_Task inputs_
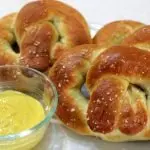 Three homemade soft pretzels on a plate next to a bowl of mustard.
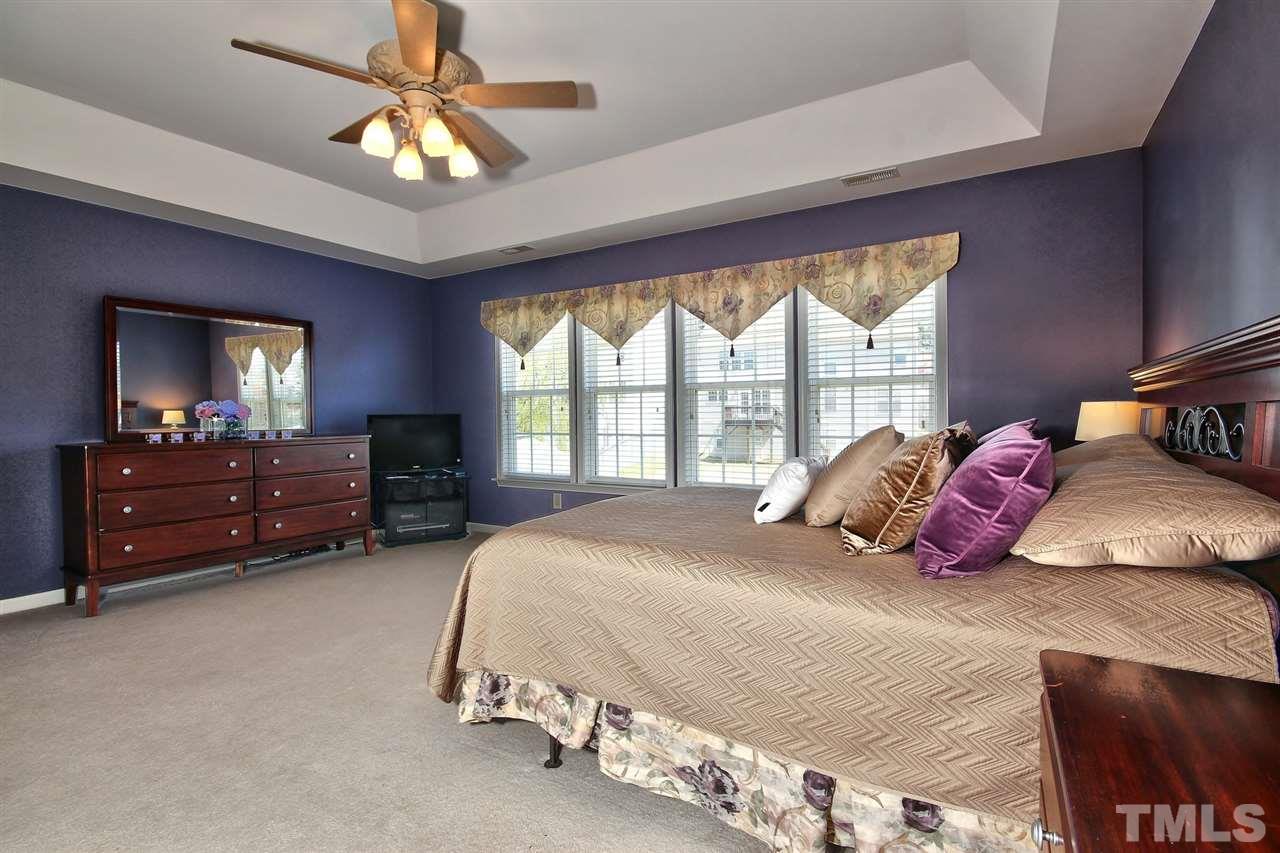 7616 Derek Drive Raleigh, NC 27613 - Photo 14 of 25 a bedroom with a bed dresser and a window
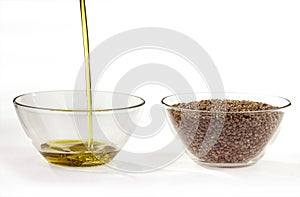 A stream of flowing hemp seed oil and hemp seeds in a round glass bowls.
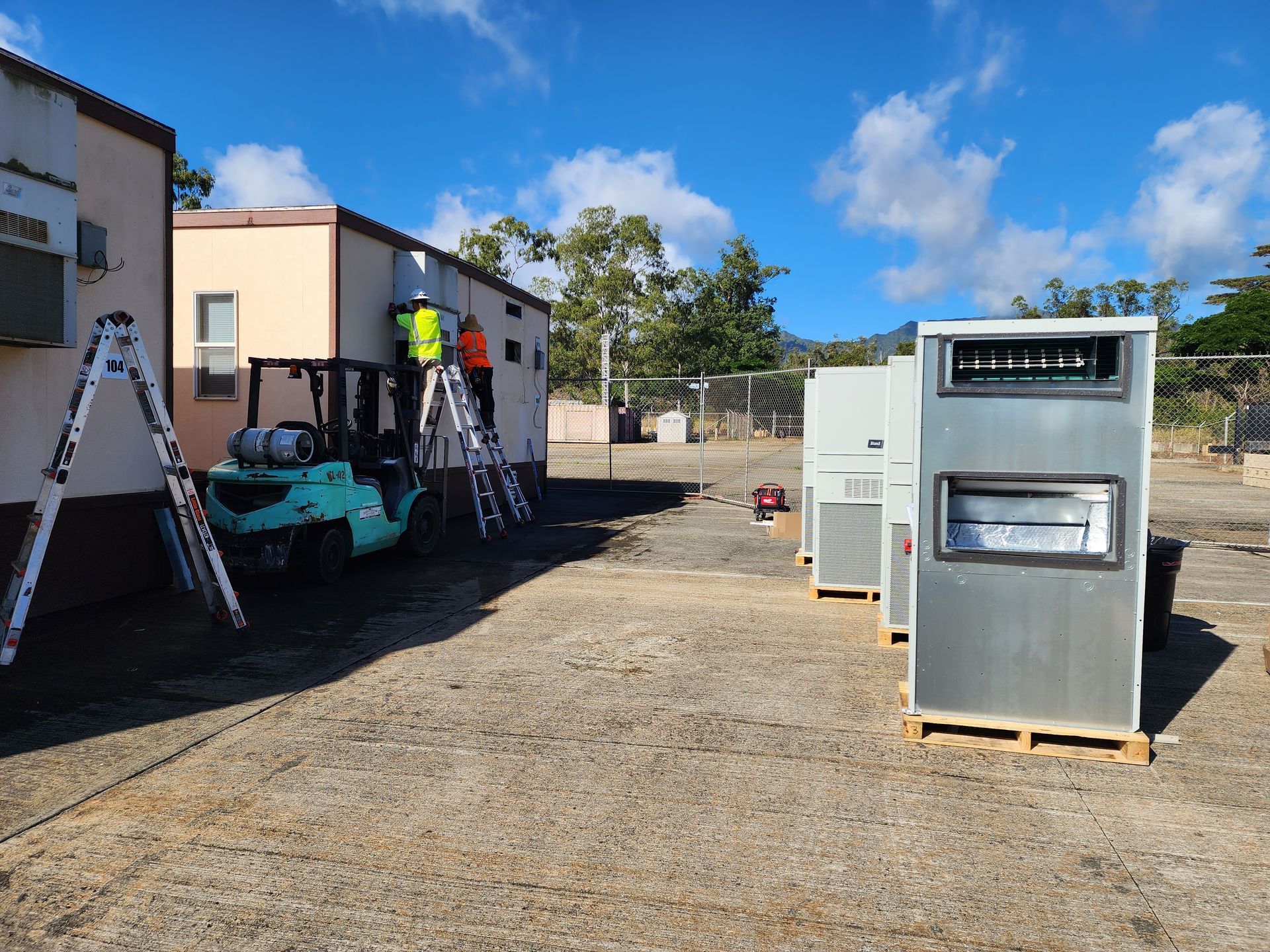 A forklift is parked in front of a building with a ladder in the background.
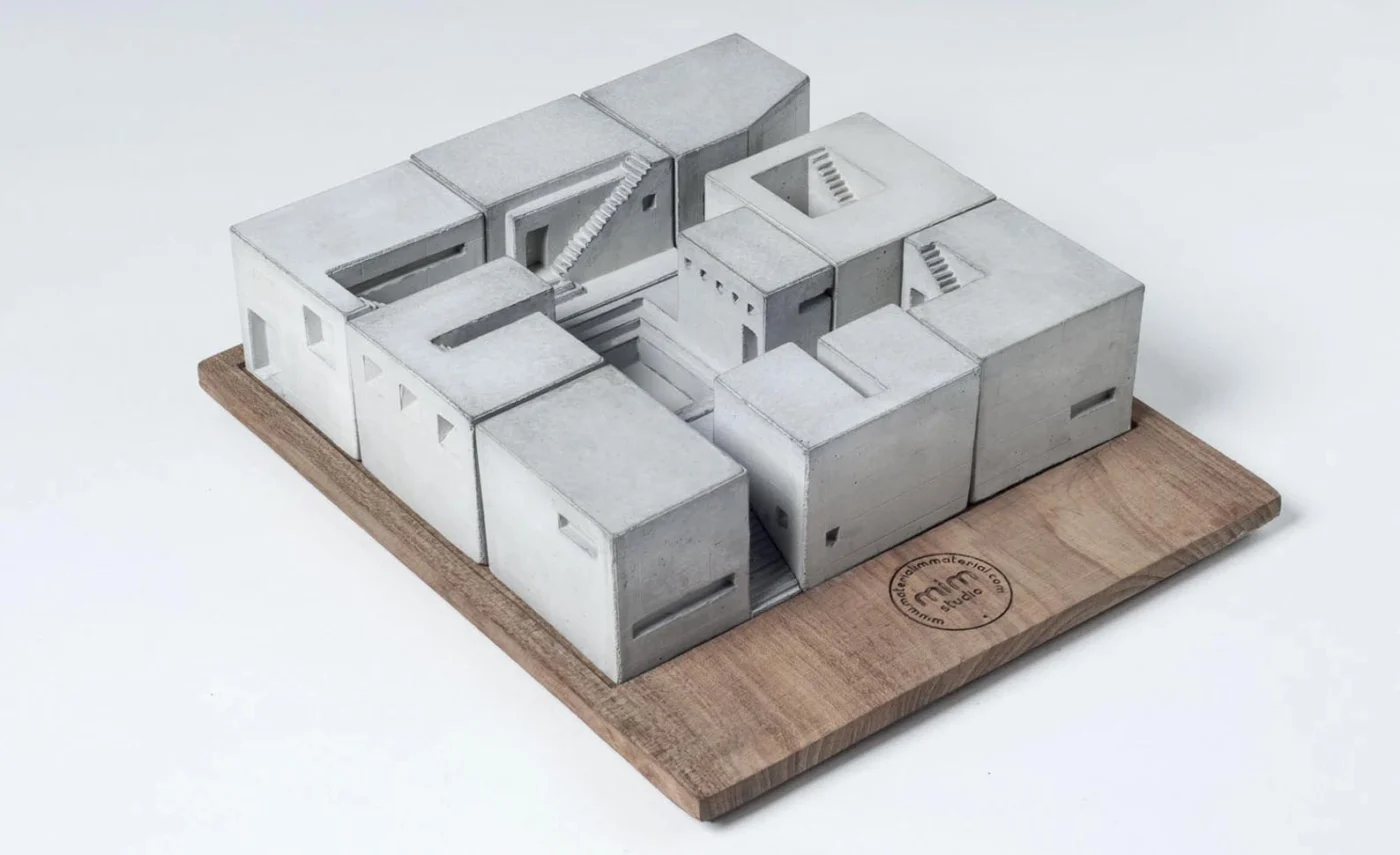 Nine small concrete house sculptures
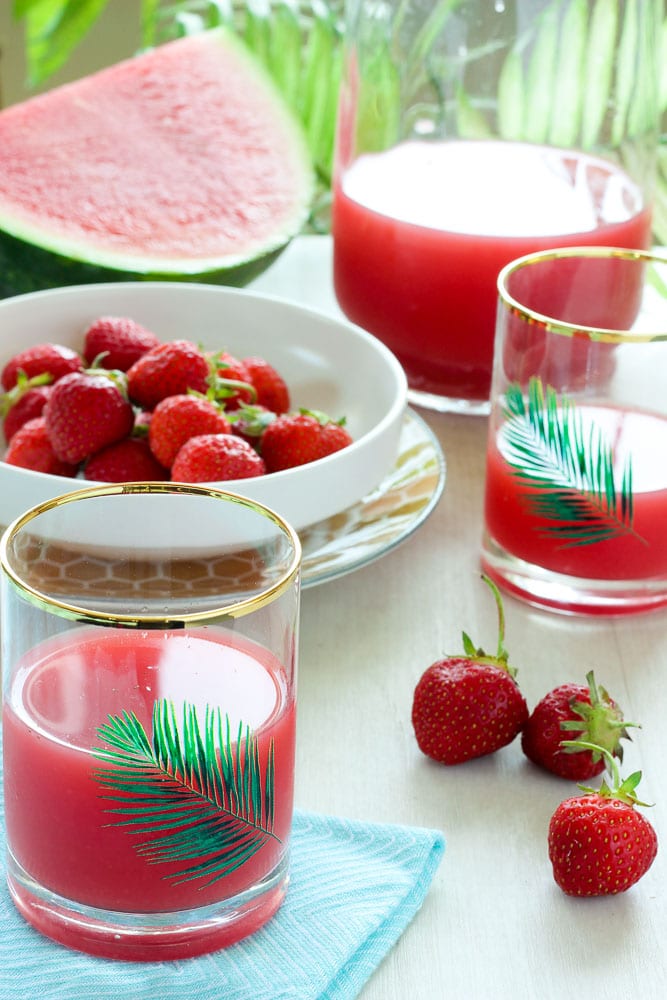 Strawberry Watermelon Juice in Glasses with bowl of Strawberries and Watermelon in background.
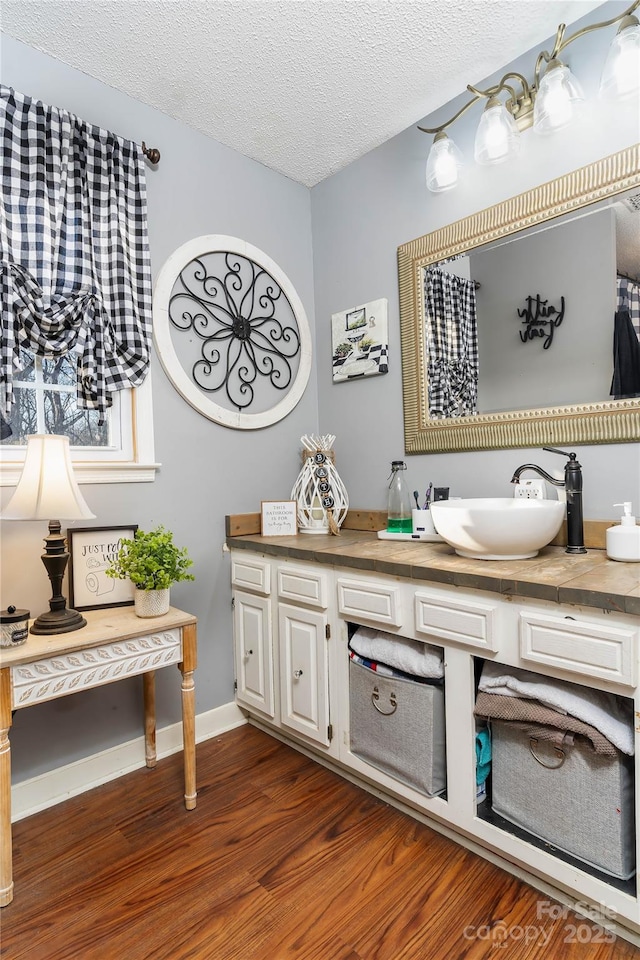447 Henderson Rd, Chesnee, SC 29323 - bathroom with a textured ceiling, wood finished floors, vanity, and baseboards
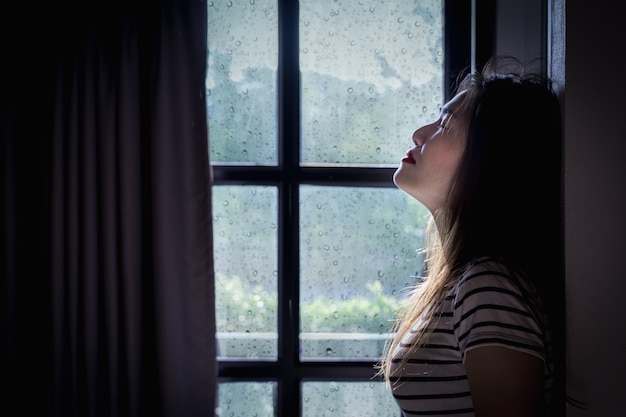 Gebroken hart jonge vrouw huilt in een donkere kamer met regenseizoen.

_Work required_
Please repeat all of the entries above word for word, but drop any pictures.

_Result below_
 Three homemade soft pretzels on a plate next to a bowl of mustard.
 7616 Derek Drive Raleigh, NC 27613 - Photo 14 of 25 a bedroom with a bed dresser and a window
 A stream of flowing hemp seed oil and hemp seeds in a round glass bowls.
 A forklift is parked in front of a building with a ladder in the background.
 Nine small concrete house sculptures
 Strawberry Watermelon Juice in Glasses with bowl of Strawberries and Watermelon in background.
447 Henderson Rd, Chesnee, SC 29323 - bathroom with a textured ceiling, wood finished floors, vanity, and baseboards
 Gebroken hart jonge vrouw huilt in een donkere kamer met regenseizoen.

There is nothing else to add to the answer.